[Task input — start]

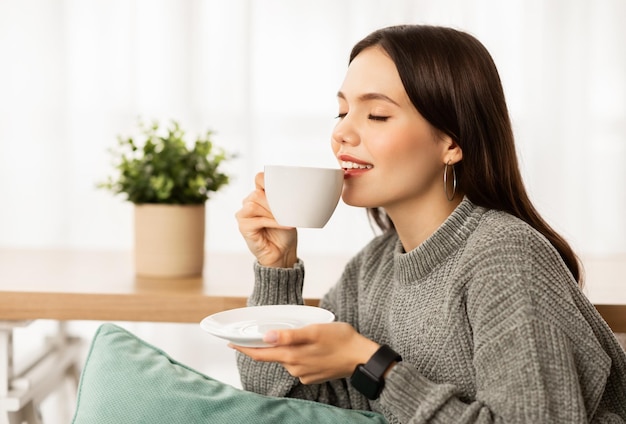 Close-up de uma jovem feliz bebendo café em casa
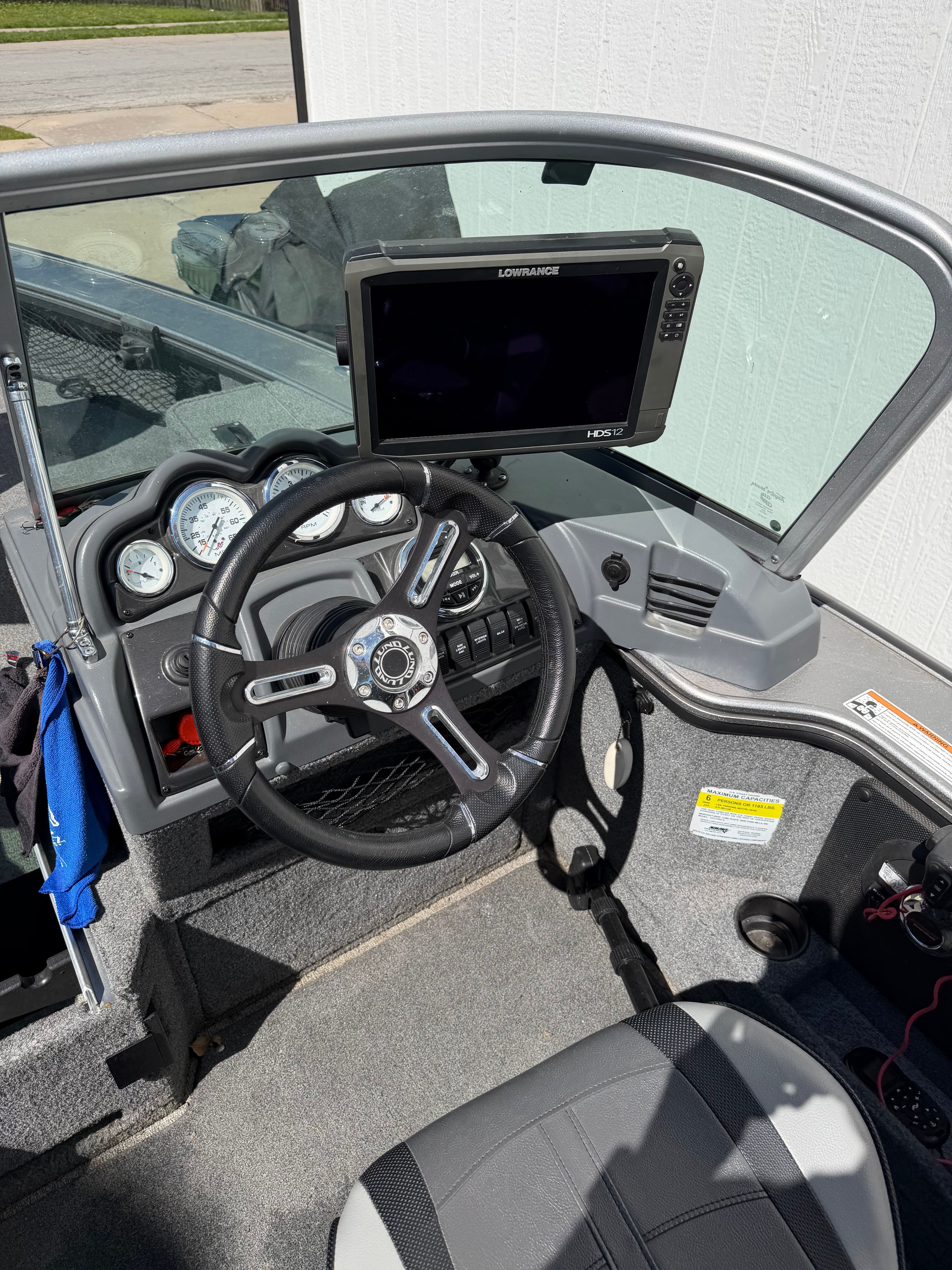 Interior view of a 2017 Lund Pro V 1975 boat with steering controls.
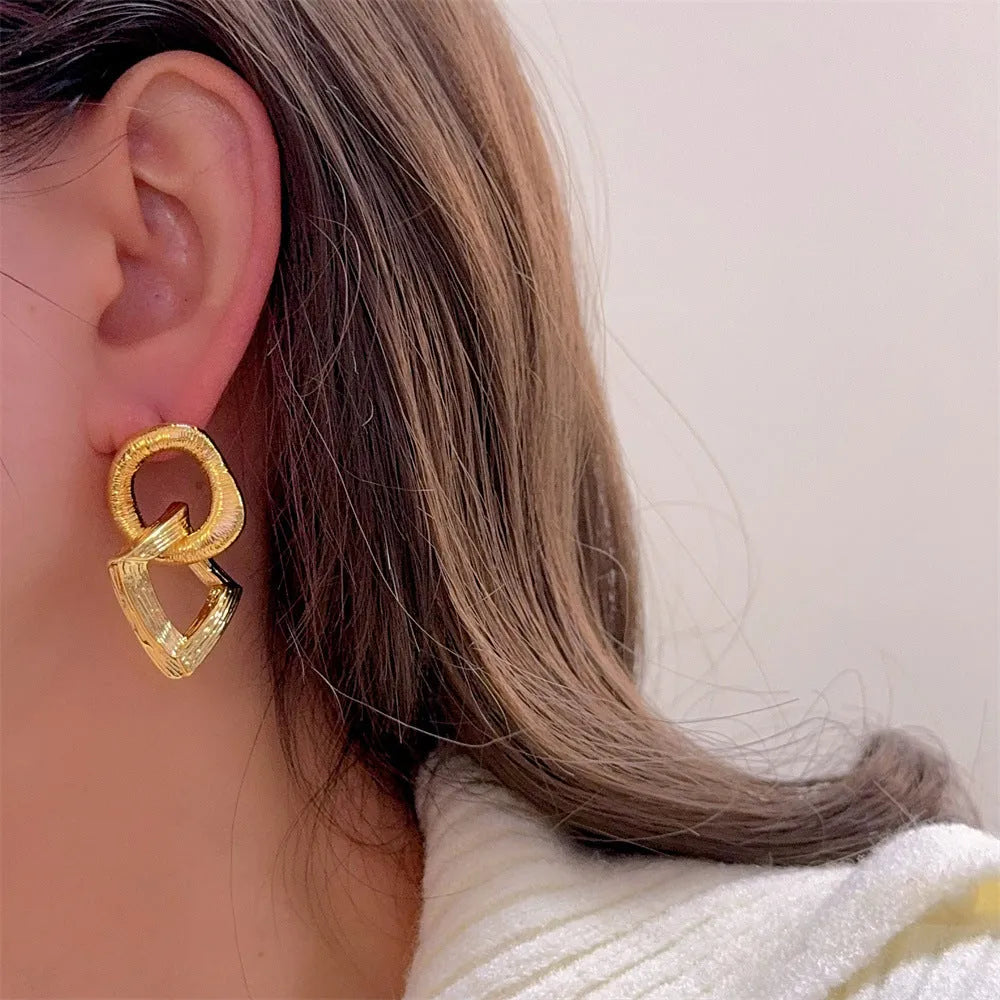 Gold and silver geometric circle pendant earrings with a 3.4cm drop length on a white background.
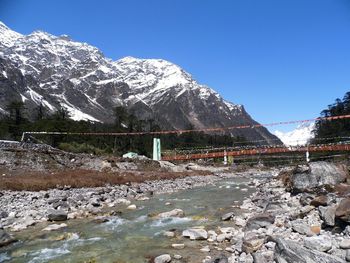 Bridge over teesta river flowing through rocks against clear blue sky at yumthang valley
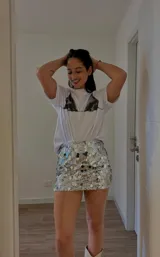 Minifalda plateada cubierta de lentejuelas, de tiro alto y corte ajustado.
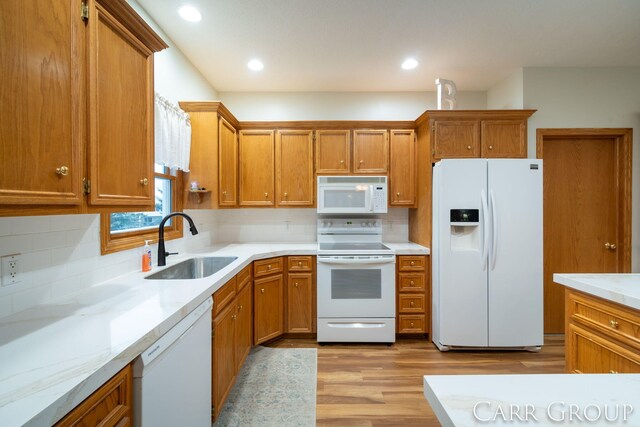 kitchen featuring white appliances, sink, decorative backsplash, light hardwood / wood-style floors, and light stone counters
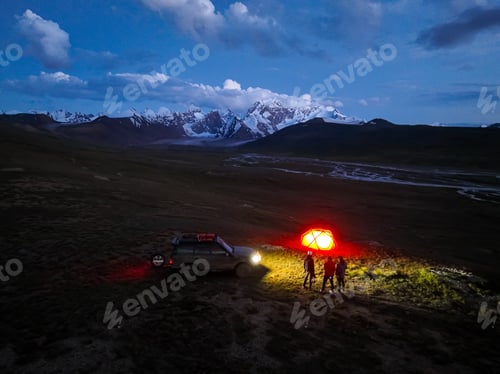 Preview: Night camping with illuminated tent and SUV under starry sky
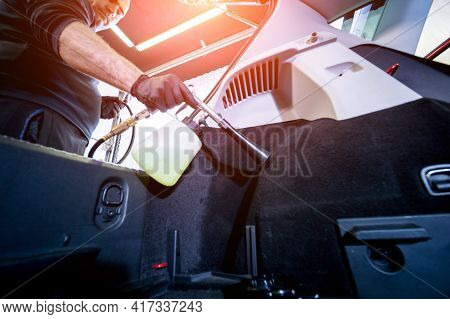 A Car Service Worker Cleans Interiror With A Special Foam Generator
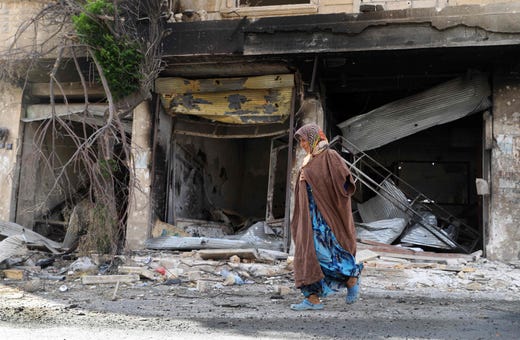 A woman walks on Oct. 6, 2019, past shops damaged in attacks by pro-regime forces in Syria. Despite a ceasefire deal reached on Aug 31, the Idlib province has continued to be targeted by air attacks.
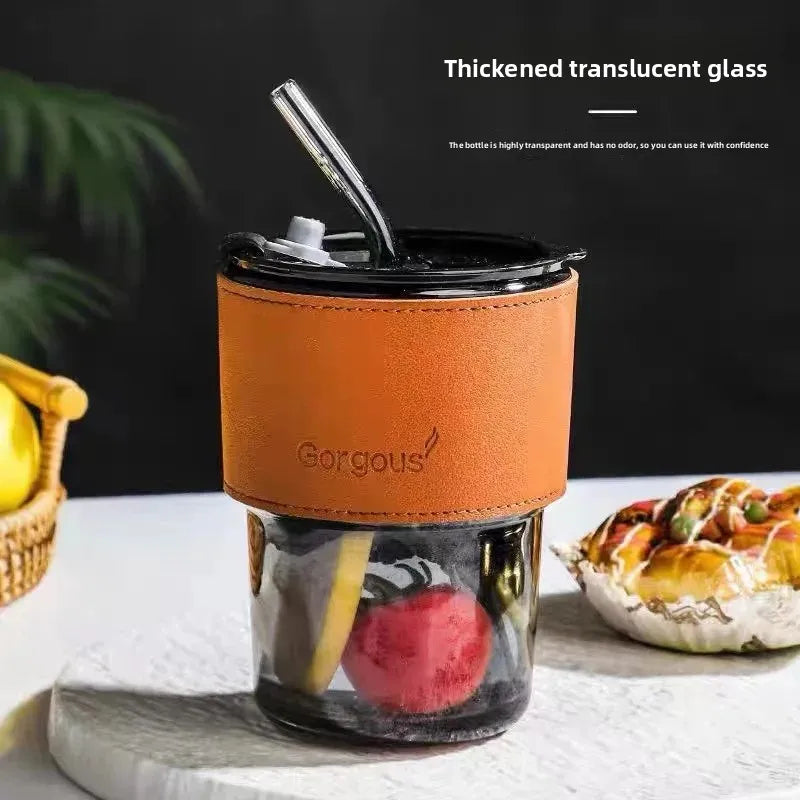 Bamboo node glass straw cup with thickened translucent glass and a brown leather sleeve on a white table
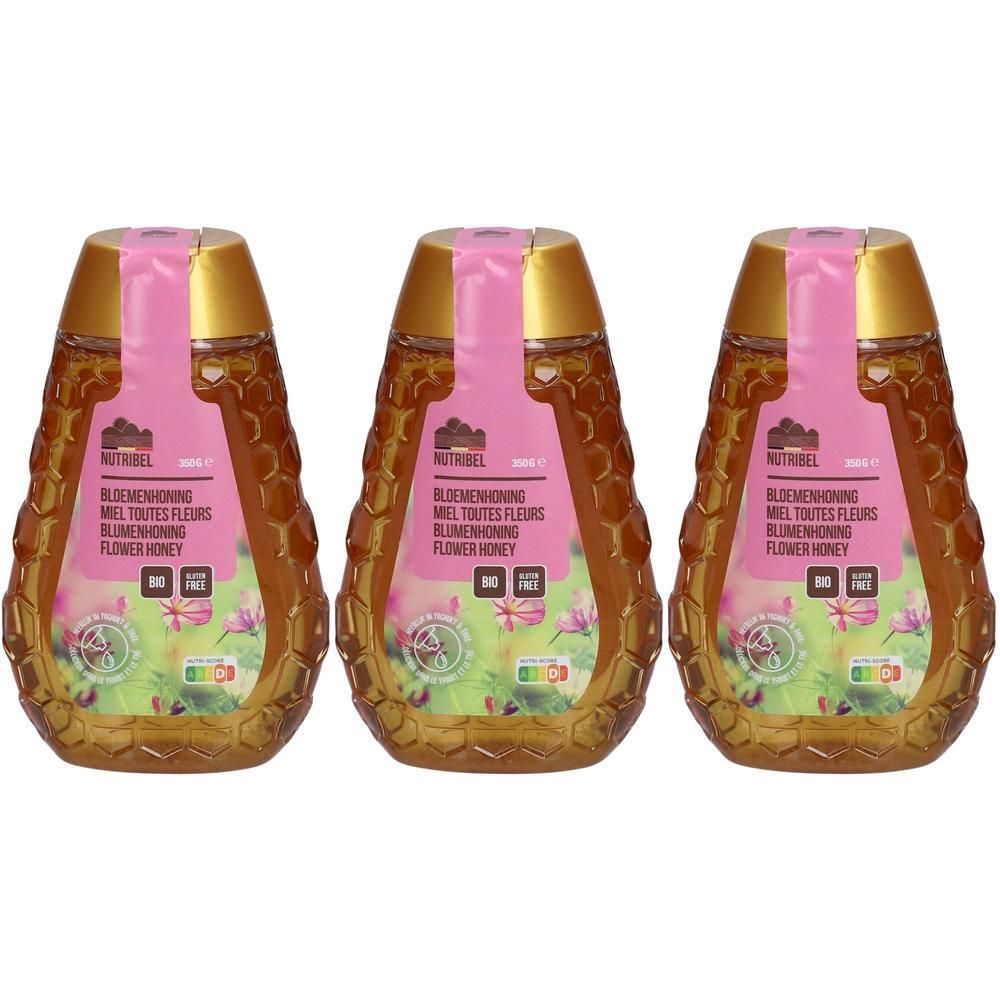 Trois bouteilles de miel toutes fleurs Nutribel avec bouchons dorés et étiquettes roses. Les bouteilles ont une texture en nid d'abeille.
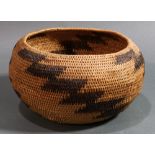 A Pomo Native American Indian single rod coiled basket, Northern California, having a slightly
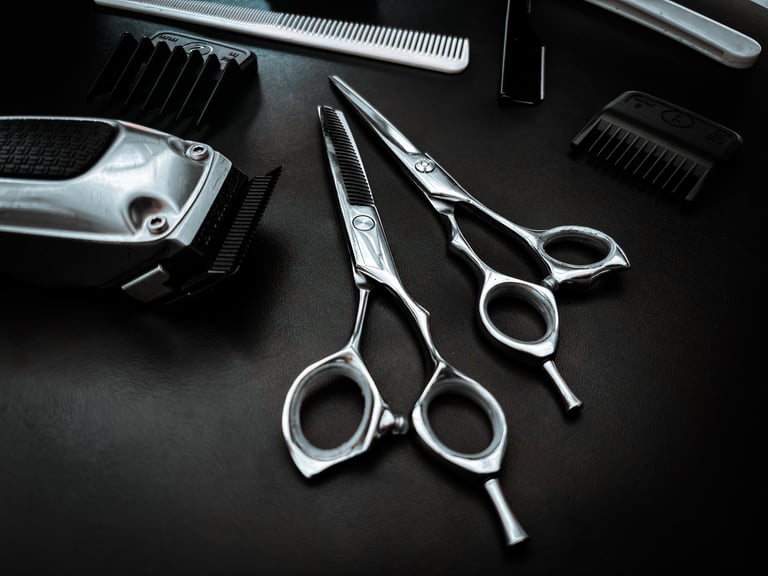 Haircut tools organized on dark background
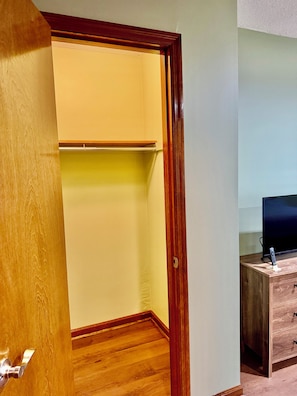 Um quarto com porta e chão de madeira, uma televisão sobre um suporte de madeira, e um controle remoto sobre o suporte.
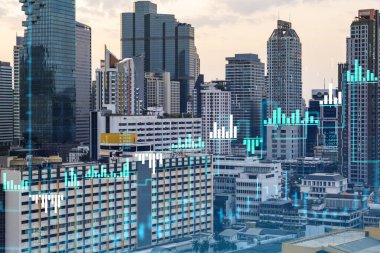 Işık saçan FOREX grafik hologramı, gün batımında Bangkok 'un panoramik şehir manzarası. Güneydoğu Asya 'da hisse ve tahvil ticareti. Fon yönetimi kavramı. Çift pozlama.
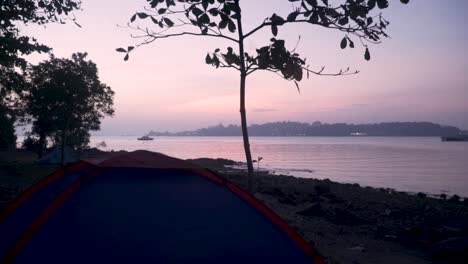 beautiful sunrise at the campsite of pulau ubin in singapore - wide shot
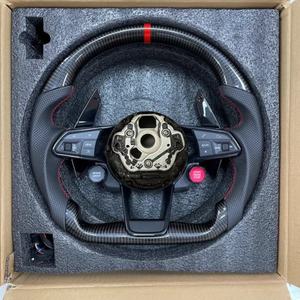 Volant en fibre de carbone semi-perforé avec bouton de démarrage R8 et sélecteur de mode de conduite pour <span class=keywords><strong>Audi</strong></span> A3 A4 A5 A6 C7 C8 Q3 Q5 Q7 SQ5 SQ8 TTRS - Product Image 1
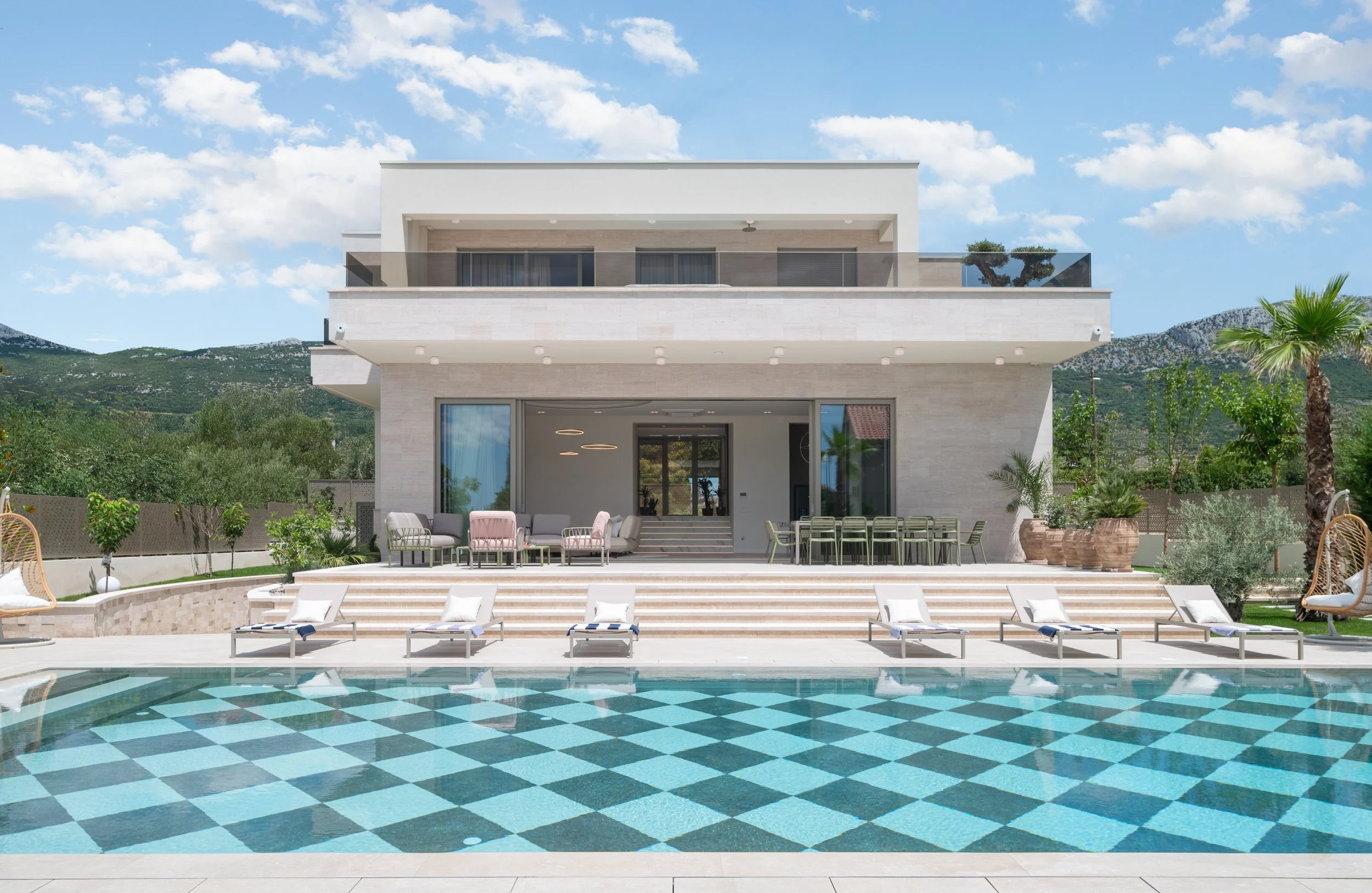 Luxury modern house with large swimming pool, lounge chairs, outdoor seating area, potted plants, and scenic mountain view in the background under a blue sky with some clouds.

[Task input — finish]

Exercise requirements
Restate the records above in full, word for word. Keep pictures out.

Written reply
 Close-up de uma jovem feliz bebendo café em casa
 Interior view of a 2017 Lund Pro V 1975 boat with steering controls.
 Gold and silver geometric circle pendant earrings with a 3.4cm drop length on a white background.
 Bridge over teesta river flowing through rocks against clear blue sky at yumthang valley
 Minifalda plateada cubierta de lentejuelas, de tiro alto y corte ajustado.
 kitchen featuring white appliances, sink, decorative backsplash, light hardwood / wood-style floors, and light stone counters
 Preview: Night camping with illuminated tent and SUV under starry sky
 A Car Service Worker Cleans Interiror With A Special Foam Generator
 A woman walks on Oct. 6, 2019, past shops damaged in attacks by pro-regime forces in Syria. Despite a ceasefire deal reached on Aug 31, the Idlib province has continued to be targeted by air attacks.
 Bamboo node glass straw cup with thickened translucent glass and a brown leather sleeve on a white table
 Trois bouteilles de miel toutes fleurs Nutribel avec bouchons dorés et étiquettes roses. Les bouteilles ont une texture en nid d'abeille.
 A Pomo Native American Indian single rod coiled basket, Northern California, having a slightly
 Haircut tools organized on dark background
 Um quarto com porta e chão de madeira, uma televisão sobre um suporte de madeira, e um controle remoto sobre o suporte.
 Işık saçan FOREX grafik hologramı, gün batımında Bangkok 'un panoramik şehir manzarası. Güneydoğu Asya 'da hisse ve tahvil ticareti. Fon yönetimi kavramı. Çift pozlama.
 beautiful sunrise at the campsite of pulau ubin in singapore - wide shot
 Volant en fibre de carbone semi-perforé avec bouton de démarrage R8 et sélecteur de mode de conduite pour <span class=keywords><strong>Audi</strong></span> A3 A4 A5 A6 C7 C8 Q3 Q5 Q7 SQ5 SQ8 TTRS - Product Image 1
 Luxury modern house with large swimming pool, lounge chairs, outdoor seating area, potted plants, and scenic mountain view in the background under a blue sky with some clouds.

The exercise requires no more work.